____ INFORMATION SHOWN
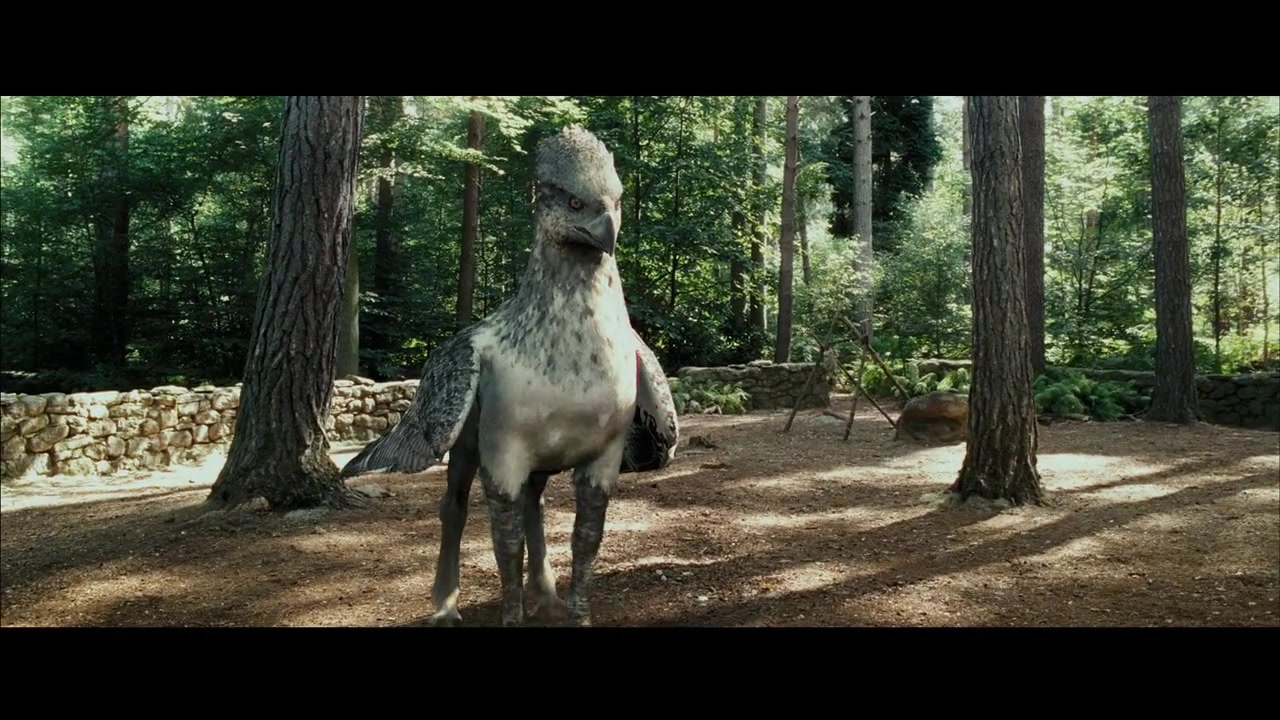 混剪以动物世界的方式打开哈利波特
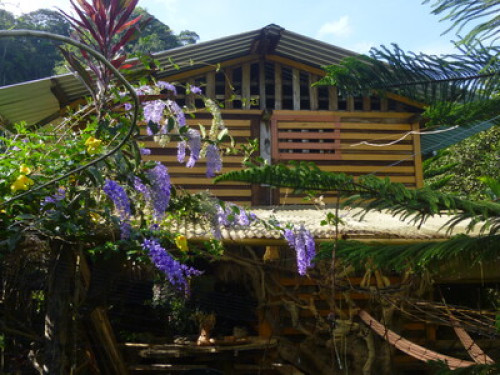 Private Cabins, Gardens, Farm - Gallery - 27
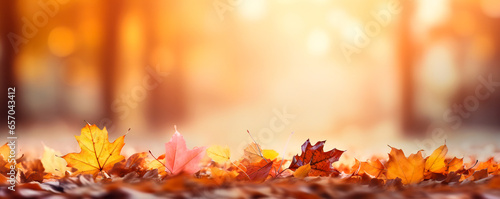 Autumn leaves over a blurred background  beautiful fall colors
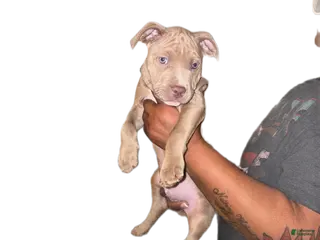 Staffordshire Bull Terrier dogs for sale: Staffordshire Bull Terrier Puppy 5 - Ad 2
________
ACTIVITY
Leave the pictures out and return the rest of the listing exactly.

SOLUTION
 混剪以动物世界的方式打开哈利波特
 Private Cabins, Gardens, Farm - Gallery - 27
 Autumn leaves over a blurred background  beautiful fall colors
 Staffordshire Bull Terrier dogs for sale: Staffordshire Bull Terrier Puppy 5 - Ad 2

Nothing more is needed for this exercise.